▶ PROBLEM
Two lines below mark the span: the one containing "Poisson sauce et légumes" and the one containing "De naam van". Set down both, plus every line between, exactly as they stand, and nothing else.

▶ EXTRACTED DATA
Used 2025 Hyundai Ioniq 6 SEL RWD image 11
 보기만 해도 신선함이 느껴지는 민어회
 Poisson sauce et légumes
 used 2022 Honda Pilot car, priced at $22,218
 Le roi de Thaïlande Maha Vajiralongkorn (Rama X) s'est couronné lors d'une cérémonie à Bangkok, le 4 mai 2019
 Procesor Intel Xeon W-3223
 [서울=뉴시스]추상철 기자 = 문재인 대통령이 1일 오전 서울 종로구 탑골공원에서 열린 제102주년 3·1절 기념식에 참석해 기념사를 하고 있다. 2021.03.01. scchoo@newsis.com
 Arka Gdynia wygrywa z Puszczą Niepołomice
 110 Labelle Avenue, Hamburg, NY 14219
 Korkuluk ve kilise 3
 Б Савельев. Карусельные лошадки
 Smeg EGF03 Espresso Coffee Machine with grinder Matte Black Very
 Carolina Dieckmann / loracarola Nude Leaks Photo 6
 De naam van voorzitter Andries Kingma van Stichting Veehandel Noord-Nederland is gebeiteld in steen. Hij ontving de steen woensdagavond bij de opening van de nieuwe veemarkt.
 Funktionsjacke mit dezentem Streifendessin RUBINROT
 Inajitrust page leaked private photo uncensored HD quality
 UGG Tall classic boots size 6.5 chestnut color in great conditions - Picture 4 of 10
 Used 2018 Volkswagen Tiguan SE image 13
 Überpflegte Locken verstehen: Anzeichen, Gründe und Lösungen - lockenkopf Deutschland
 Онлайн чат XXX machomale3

▶ TASK RESULT
 Poisson sauce et légumes
 used 2022 Honda Pilot car, priced at $22,218
 Le roi de Thaïlande Maha Vajiralongkorn (Rama X) s'est couronné lors d'une cérémonie à Bangkok, le 4 mai 2019
 Procesor Intel Xeon W-3223
 [서울=뉴시스]추상철 기자 = 문재인 대통령이 1일 오전 서울 종로구 탑골공원에서 열린 제102주년 3·1절 기념식에 참석해 기념사를 하고 있다. 2021.03.01. scchoo@newsis.com
 Arka Gdynia wygrywa z Puszczą Niepołomice
 110 Labelle Avenue, Hamburg, NY 14219
 Korkuluk ve kilise 3
 Б Савельев. Карусельные лошадки
 Smeg EGF03 Espresso Coffee Machine with grinder Matte Black Very
 Carolina Dieckmann / loracarola Nude Leaks Photo 6
 De naam van voorzitter Andries Kingma van Stichting Veehandel Noord-Nederland is gebeiteld in steen. Hij ontving de steen woensdagavond bij de opening van de nieuwe veemarkt.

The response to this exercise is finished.